This program uses Yolov5 (PyTorch) and PicoVoice, enabling the Tello Drone to detect objects/humans and listen to voice commands via microphone. By analyzing the video stream coming from the drone, the program makes the decisions and sends commands back to the the drone. This project is highly inspired by another great project using Openpose to control the Tello drone (https://github.com/geaxgx/tello-openpose), which I took as a reference. Also a big thanks to everyone behind https://github.com/hanyazou/TelloPy, which made the progress way more fun.
This is a private project of mine testing deep learning in combination with drones. It's still a work in progress, so don't expect a final product.
- Windows 10 Pro (Build 19042)
- AMD Ryzen 7 1800X (3600 Mhz, 8 Core)
- Nvidia GTX 980 (4GB Video Ram)
- 32 GB Memory
- Python 3.8.5
Make sure you have CUDA/CUDNN installed and running to use PyTorch with GPU support.
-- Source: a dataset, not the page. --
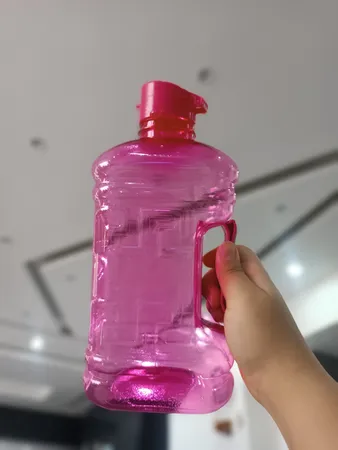 بطری آب مدل f.p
A Nvidia GTX 980 or better is recommended, otherwise the fps will drop and the drone PID will not work correctly or has to be retuned.
- Python> 3.8.5
- opencv-python>=4.4.0.46
- pynput>=1.7.1
- TelloPy>= 0.6.0 https://github.com/hanyazou/TelloPy
- PyAV>= 8.0.2 https://github.com/PyAV-Org/PyAV
- simple-pid >= 0.2.4 https://github.com/m-lundberg/simple-pid
- Cython
- matplotlib>=3.2.2
- numpy>=1.18.5
- Pillow
- PyYAML>=5.3
- scipy>=1.4.1
- tensorboard>=2.2
- torch>=1.7.0
- torchvision>=0.8.
- tqdm>=4.41.0
- PyAudio>= 0.2.11 https://people.csail.mit.edu/hubert/pyaudio/
- pvrhinodemo>= 1.6.0 https://picovoice.ai/docs/quick-start/rhino-python/
The drone can be controlled via keyboard (for the detailed keyboard setup have a look in the controller.py under init_controlls) and can take several voice commands (see voice_commands.txt). Make sure there is enough light for the drones floor sensor and your microphone level is adjusted.
The PicoVoice voice model was created on 01-18-21 and is only valid for 1 month, since it is a private account for testing. If the model is out of date or you want to modify the voice commands, visit https://picovoice.ai/, create a personal account and create your individual voice recognition model with Rhino. You have to modify the process_audio function in tello_magic.py then.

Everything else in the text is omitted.